30.11.06

Verbo rever. Erros

Da Rússia, com ruído




      Antena 1, noticiário das 15 horas, José Milhazes: «Moscovo ‘tá, claro, a seguir atentamente todas as investigações que serão feitas pelas autoridades inglesas. E as autoridades russas ‘tão-se a dizer abertas a colaborar de todas as formas para que se deixe de pensar que a morte de Litvinenko [Александра Литвиненко] tenha sido obra dos serviços secretos russos ou por ordem das autoridades russas.» Nem quero falar da deselegância do «’tá-se» e «’tão-se», vou directamente ao rebuscado «[es]tão a dizer abertas». Uma forma menos tortuosa e mais elegante seria, por exemplo, «dizem-se abertas» ou «declaram-se abertas».
      Embora fale demasiado depressa, a dicção de José Milhazes não é das piores, convenho, mas desta vez, com o frio que está na Rússia, talvez tivesse a língua entaramelada. Por exemplo, a forma verbal «serão» é, mesmo depois de ter ouvido dez vezes a gravação, meramente hipotética.

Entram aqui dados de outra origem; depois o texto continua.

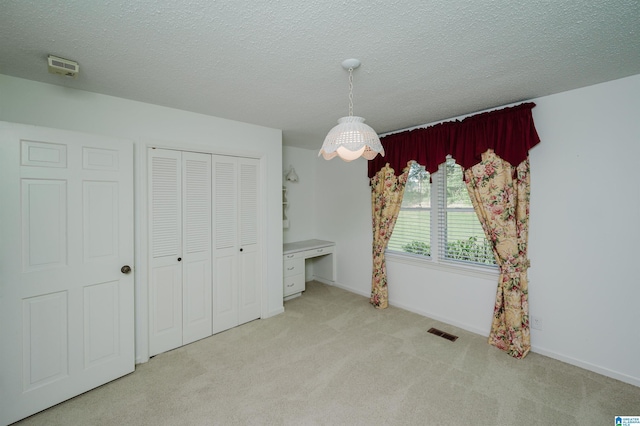 unfurnished bedroom featuring carpet flooring, built in desk, a textured ceiling, visible vents, and a closet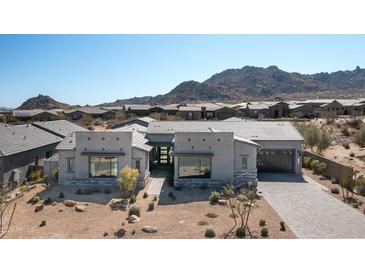 Stunning single-story home with desert landscaping, mountain views and paver driveway in a gated community at 13319 E Juan Tabo Rd, Scottsdale, AZ 85255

Se se tratasse de Evgueny Mouravitch, não tínhamos de nos mostrar tão exigentes, mas sendo um português, jornalista, não podemos — e o elidido «nós» não é um plural majestático, somos mesmo todos nós, ouvintes — fingir que está tudo bem. Com tudo o que de lábil a oralidade tem, é claro que o grau de exigência é diferente do que teríamos em relação à escrita, mas ainda assim há limites. E, a propósito, acabei de saber que, no início desta semana, um escritor, no lançamento de mais um livro, agradeceu enfaticamente a alguém que «reveu o texto». Este sim é um erro grave, imperdoável num escritor. Não é um lapsus linguae, é ignorância.